Is popularity bias just a convenient excuse?

Michael Roizner
3 min readDec 26, 2023

A common issue in recommender systems is the lack of personalization, resulting in mostly popular and not very relevant documents being shown to users.

In the community, there’s a well-known problem of popularity bias. But what exactly is it? Bias implies a systematic error. But where is the error in this case? And does it really exist?

Photo by Nicholas Green on Unsplash

In simple terms, popularity bias refers to the ‘the rich get richer’ situation, where popular documents are disproportionately more often recommended by the system than less popular ones. There can be various reasons for this, and the literature discusses different aspects of this phenomenon. It’s important to distinguish these reasons because it greatly aids in debugging the system.

In the work on recommendations, it is very useful to distinguish two important steps:

  1. Training a model to predict user response to a recommended item. In a simple case, this is just the probability of a click, and in a more general case— E(engagement | item, user, context).
  2. Actually building recommendations using this model. Simple ranking based on predictions is not the most optimal, although it is a good baseline.

In many discussions, popularity bias implies the suboptimality of step 2. That is, even if a more popular item is more likely to elicit a positive response from the user, it might be better to recommend a less popular item. There can be several reasons for this — both user-centric (in the long run, a click on a popular item may be less valuable for this user than a click on an unpopular one) and from the perspective of the entire ecosystem (this might slightly worsen the experience for this user, but it balances the consumption distribution across the entire database of items). These are generally reasonable thoughts, but we must honestly admit: we are sacrificing engagement at the moment of a specific query for a brighter future.

The simplest way to implement this idea (and, in my opinion, other methods haven’t strayed far from this) is to penalize an item for its popularity. This is closely related to PMI, which we discussed in the post about two-tower networks.

In other instances, popularity bias is related to the first point: the imbalance of items hinders our ability to effectively train the model E(engagement | item, user, context). Specifically, the model might poorly account for user features and essentially just learn E(engagement | item), closely associated with popularity (by the way, in this post, I sometimes refer not to P(item) but to E(engagement | item) as popularity). This is a very tangible problem.
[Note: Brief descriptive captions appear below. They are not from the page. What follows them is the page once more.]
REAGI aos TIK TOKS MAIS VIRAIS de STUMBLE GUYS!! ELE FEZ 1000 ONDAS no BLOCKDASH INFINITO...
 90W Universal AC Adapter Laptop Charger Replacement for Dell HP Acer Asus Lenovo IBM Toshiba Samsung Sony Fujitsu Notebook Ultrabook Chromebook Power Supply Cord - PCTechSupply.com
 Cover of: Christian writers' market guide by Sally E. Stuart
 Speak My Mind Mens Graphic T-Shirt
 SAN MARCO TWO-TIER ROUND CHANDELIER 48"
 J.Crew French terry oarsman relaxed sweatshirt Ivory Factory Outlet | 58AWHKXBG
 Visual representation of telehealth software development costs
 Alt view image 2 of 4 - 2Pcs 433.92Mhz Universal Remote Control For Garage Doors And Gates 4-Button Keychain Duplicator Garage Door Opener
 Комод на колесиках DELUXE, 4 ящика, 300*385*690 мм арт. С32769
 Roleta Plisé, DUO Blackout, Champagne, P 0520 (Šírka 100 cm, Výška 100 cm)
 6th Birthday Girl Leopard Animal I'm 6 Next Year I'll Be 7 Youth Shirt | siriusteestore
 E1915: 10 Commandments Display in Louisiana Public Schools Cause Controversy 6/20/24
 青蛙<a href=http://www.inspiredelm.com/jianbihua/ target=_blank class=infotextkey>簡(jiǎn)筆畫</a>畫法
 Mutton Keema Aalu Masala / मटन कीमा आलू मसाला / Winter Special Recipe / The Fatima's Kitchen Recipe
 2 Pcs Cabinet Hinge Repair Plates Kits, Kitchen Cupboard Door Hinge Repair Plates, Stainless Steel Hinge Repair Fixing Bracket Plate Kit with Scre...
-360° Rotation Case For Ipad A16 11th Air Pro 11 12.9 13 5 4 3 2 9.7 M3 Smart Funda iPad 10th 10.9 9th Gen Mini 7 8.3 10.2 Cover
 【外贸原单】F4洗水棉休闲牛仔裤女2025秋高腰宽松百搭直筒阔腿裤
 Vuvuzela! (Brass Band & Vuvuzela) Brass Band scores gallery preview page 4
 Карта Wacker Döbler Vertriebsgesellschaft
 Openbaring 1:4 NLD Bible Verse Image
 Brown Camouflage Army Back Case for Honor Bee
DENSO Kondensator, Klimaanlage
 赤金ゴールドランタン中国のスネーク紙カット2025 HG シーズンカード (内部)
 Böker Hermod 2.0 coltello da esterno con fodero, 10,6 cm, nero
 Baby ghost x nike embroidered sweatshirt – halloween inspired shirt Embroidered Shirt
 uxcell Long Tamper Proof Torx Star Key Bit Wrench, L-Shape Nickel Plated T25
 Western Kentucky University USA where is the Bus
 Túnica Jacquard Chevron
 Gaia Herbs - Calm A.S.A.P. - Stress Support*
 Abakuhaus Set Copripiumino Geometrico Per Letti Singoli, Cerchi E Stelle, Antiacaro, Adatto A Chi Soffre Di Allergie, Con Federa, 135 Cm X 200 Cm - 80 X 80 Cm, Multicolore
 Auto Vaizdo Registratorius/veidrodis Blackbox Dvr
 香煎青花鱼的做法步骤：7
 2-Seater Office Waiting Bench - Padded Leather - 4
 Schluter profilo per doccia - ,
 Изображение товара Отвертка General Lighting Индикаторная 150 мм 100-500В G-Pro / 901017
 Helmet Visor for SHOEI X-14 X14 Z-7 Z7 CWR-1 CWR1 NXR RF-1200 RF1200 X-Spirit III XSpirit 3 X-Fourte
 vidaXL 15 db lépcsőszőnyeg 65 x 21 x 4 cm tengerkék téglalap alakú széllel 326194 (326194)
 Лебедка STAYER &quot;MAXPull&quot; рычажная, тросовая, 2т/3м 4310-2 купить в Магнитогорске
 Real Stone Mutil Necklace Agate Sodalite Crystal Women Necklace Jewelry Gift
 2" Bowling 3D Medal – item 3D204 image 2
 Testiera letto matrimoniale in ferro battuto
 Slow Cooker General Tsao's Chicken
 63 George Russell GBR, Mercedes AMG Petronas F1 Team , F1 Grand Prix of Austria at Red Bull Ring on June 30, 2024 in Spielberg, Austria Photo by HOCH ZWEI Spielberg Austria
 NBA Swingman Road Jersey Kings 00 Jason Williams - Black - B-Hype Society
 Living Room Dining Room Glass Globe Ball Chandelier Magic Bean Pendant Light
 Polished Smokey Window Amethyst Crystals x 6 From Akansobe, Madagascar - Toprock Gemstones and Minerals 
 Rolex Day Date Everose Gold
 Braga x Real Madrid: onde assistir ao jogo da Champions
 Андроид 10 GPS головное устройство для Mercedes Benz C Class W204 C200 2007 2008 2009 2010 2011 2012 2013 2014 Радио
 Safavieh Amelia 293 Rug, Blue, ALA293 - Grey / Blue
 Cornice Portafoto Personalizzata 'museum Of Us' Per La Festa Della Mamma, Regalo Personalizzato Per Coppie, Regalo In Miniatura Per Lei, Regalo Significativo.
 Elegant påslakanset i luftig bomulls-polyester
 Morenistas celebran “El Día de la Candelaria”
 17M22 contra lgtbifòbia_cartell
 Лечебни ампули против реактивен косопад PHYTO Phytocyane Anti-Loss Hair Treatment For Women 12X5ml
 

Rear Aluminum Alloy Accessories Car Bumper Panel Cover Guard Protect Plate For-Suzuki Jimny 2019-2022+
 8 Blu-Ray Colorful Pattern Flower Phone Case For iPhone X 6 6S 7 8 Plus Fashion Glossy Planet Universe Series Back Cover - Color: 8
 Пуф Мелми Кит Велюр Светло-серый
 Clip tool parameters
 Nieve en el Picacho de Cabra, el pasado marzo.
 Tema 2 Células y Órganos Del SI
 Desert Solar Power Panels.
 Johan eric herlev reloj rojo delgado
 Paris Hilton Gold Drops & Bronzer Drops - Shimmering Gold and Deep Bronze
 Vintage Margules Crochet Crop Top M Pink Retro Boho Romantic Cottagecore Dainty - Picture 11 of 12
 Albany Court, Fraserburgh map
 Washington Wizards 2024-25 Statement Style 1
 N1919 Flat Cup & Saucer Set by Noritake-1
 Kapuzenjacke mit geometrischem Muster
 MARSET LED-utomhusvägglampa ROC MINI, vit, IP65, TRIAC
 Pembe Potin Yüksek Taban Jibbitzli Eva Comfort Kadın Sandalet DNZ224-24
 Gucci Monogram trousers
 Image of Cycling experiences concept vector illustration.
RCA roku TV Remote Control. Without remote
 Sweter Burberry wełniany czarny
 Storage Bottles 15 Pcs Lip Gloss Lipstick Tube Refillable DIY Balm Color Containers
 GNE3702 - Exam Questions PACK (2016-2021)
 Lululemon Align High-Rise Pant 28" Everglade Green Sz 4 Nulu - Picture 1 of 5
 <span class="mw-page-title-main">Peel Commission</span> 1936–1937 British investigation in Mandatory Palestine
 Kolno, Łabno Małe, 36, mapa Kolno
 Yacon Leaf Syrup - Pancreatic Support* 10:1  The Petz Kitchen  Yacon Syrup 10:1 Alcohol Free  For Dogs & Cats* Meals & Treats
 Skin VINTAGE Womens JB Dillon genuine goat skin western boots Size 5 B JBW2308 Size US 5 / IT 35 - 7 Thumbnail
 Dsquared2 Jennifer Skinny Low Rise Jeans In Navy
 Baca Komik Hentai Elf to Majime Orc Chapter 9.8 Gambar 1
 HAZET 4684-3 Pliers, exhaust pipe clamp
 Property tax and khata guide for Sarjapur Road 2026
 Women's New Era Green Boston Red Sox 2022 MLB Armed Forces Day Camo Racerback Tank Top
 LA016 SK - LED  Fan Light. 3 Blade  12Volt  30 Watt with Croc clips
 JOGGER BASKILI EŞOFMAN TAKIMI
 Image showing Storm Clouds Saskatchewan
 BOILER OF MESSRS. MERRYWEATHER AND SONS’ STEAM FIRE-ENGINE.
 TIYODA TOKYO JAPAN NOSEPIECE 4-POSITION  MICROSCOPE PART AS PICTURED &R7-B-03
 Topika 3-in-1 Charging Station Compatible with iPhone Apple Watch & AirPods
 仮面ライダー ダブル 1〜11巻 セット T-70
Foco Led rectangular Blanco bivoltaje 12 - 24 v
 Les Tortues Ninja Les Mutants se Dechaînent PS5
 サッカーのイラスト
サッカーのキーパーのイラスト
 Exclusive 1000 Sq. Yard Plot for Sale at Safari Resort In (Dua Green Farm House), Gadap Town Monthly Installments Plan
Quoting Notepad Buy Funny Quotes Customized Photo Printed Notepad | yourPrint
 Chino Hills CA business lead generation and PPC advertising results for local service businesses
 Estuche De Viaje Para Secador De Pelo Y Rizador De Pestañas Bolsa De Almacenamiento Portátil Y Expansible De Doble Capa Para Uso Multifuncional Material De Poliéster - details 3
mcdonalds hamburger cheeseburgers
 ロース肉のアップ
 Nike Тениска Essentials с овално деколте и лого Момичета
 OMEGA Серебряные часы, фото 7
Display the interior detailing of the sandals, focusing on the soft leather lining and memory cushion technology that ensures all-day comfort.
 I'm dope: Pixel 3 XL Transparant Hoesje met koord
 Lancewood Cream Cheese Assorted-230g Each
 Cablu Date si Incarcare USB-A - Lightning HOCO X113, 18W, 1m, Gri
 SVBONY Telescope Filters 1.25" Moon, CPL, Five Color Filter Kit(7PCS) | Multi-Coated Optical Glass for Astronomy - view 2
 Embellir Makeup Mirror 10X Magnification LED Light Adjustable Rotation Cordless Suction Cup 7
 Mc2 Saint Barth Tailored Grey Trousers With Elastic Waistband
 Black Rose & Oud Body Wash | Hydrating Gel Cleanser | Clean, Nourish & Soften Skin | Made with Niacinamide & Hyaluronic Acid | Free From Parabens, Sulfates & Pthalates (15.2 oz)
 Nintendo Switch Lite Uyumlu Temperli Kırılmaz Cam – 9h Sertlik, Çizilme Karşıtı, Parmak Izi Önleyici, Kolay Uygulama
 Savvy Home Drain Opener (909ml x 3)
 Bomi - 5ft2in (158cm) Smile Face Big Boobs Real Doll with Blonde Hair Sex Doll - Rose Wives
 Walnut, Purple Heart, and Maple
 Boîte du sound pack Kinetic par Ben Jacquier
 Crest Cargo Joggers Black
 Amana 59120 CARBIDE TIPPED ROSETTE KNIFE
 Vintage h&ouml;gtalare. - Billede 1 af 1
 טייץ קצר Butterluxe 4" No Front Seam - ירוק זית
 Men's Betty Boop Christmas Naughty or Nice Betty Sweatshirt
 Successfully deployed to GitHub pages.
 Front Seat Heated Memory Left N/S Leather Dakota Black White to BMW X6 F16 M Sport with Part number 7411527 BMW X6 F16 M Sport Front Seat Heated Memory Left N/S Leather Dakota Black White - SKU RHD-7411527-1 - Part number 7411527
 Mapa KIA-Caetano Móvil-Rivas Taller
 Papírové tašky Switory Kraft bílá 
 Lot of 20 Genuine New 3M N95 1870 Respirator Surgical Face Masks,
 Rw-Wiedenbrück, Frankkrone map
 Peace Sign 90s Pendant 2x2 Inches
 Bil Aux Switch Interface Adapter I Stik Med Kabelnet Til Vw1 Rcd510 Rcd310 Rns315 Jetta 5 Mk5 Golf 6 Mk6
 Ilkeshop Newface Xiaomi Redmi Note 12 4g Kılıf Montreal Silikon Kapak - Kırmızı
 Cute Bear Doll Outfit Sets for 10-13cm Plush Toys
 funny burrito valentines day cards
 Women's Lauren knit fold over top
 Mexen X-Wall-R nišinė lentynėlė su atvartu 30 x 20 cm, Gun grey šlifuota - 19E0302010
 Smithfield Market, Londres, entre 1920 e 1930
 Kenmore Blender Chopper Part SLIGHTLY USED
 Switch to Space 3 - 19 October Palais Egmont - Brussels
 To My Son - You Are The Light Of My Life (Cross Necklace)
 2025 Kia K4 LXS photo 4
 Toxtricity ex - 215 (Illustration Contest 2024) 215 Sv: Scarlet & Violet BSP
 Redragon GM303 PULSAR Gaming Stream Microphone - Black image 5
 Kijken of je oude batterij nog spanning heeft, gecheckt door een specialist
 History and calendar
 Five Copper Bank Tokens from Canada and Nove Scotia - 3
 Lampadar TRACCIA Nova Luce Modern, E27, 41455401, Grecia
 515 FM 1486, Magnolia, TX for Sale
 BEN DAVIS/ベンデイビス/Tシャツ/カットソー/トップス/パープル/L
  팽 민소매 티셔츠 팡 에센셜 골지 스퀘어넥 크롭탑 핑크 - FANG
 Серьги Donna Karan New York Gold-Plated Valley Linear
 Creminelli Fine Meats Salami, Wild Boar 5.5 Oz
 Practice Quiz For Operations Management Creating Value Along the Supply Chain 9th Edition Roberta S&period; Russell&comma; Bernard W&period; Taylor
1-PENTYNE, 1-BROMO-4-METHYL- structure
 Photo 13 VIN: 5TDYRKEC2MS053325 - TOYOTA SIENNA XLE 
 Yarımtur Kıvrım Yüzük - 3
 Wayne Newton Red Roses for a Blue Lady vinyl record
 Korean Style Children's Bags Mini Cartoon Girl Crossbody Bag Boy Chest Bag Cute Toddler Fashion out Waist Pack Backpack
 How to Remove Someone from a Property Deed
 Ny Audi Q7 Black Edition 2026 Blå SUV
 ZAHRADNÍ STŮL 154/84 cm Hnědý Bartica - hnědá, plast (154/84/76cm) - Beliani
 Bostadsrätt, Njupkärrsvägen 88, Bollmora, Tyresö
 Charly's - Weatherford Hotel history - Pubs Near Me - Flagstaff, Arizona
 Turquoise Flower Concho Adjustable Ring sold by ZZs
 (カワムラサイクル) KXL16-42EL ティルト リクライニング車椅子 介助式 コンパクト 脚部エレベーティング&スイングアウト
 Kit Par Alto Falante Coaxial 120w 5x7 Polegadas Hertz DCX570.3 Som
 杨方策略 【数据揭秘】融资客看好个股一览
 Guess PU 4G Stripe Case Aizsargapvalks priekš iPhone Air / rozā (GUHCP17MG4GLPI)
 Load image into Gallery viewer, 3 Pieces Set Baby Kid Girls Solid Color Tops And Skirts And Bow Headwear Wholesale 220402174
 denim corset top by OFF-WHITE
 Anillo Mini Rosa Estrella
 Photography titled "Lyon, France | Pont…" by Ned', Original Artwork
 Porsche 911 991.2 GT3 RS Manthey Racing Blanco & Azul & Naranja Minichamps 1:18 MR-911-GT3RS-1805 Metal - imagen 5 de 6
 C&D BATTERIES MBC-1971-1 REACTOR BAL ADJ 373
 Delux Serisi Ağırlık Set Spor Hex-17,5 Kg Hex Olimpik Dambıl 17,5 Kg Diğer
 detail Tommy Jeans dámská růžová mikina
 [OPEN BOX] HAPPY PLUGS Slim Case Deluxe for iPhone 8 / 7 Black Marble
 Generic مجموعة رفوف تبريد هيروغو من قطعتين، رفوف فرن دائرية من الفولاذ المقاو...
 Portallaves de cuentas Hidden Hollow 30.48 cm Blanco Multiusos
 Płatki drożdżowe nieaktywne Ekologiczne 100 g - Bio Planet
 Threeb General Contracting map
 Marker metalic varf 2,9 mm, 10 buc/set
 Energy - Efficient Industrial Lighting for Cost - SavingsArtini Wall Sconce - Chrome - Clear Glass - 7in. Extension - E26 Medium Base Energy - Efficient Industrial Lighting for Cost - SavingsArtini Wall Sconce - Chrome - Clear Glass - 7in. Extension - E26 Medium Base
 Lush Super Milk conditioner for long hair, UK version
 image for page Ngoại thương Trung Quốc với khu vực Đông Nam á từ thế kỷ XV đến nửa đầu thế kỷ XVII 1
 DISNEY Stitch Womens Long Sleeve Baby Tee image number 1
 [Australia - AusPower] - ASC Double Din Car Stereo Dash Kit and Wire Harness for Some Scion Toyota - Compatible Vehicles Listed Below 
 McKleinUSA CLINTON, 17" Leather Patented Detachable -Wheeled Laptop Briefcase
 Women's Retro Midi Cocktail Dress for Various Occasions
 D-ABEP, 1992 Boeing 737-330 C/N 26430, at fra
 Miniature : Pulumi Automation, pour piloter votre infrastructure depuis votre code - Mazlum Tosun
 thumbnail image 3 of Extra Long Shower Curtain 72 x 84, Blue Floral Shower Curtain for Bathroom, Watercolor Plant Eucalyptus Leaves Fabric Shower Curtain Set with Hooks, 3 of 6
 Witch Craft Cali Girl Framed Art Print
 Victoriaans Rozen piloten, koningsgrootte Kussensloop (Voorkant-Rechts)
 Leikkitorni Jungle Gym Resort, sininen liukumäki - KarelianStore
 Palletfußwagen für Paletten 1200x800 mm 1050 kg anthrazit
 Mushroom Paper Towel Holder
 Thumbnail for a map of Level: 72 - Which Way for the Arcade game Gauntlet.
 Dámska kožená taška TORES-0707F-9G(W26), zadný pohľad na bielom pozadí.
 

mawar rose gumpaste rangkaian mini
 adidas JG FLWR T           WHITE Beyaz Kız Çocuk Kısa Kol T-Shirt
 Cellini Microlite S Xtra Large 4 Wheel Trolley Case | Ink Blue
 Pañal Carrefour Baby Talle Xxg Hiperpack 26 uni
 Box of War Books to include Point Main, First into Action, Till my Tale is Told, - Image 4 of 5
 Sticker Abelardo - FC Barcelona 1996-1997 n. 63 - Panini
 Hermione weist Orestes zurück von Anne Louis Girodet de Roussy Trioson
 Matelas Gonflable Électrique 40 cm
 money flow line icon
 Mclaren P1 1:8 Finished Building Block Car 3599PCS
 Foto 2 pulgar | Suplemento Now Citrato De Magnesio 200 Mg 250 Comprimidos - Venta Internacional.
However, I don’t quite understand why it’s called a bias.

Here, advice depends on the specific model. Here are a few suggestions:

  • Ensure that the model includes informative personal features.
  • Introduce a separate component within the model responsible for popularity, so that the rest of the model can focus on specificity.
  • If the model learns item embeddings, check how well they have been learned. For example, by looking at the most similar items to a given one.
  • If using negative sampling, take popularity into account. Just remember to multiply it back when applying it to get E(engagement | …), as discussed in the same post.
  • And simply check that the model has learned properly. Yes, this is not so simple. It is part of a rather complex but critically important topic called ML Debugging.

By the way, regarding “disproportionately more often.” No one promised that with simple ranking, the probability of being recommended would be proportional to the popularity or CTR of the document. That’s not the case at all. Perhaps that’s why they call it a bias?

In my experience, there have been many cases where teams: a) don’t consider what exactly they’re calling popularity bias and what its causes are, b) face issues with a lack of personalization simply due to a poorly trained model E(engagement | …).

It’s very important to understand whether it’s just the way the world works, that popular but less relevant items indeed get better responses on average, or if we have simply trained the model poorly.

Much more often, popularity bias is just a popular myth that conceals system bugs.

The importance of a good engagement model should not be underestimated.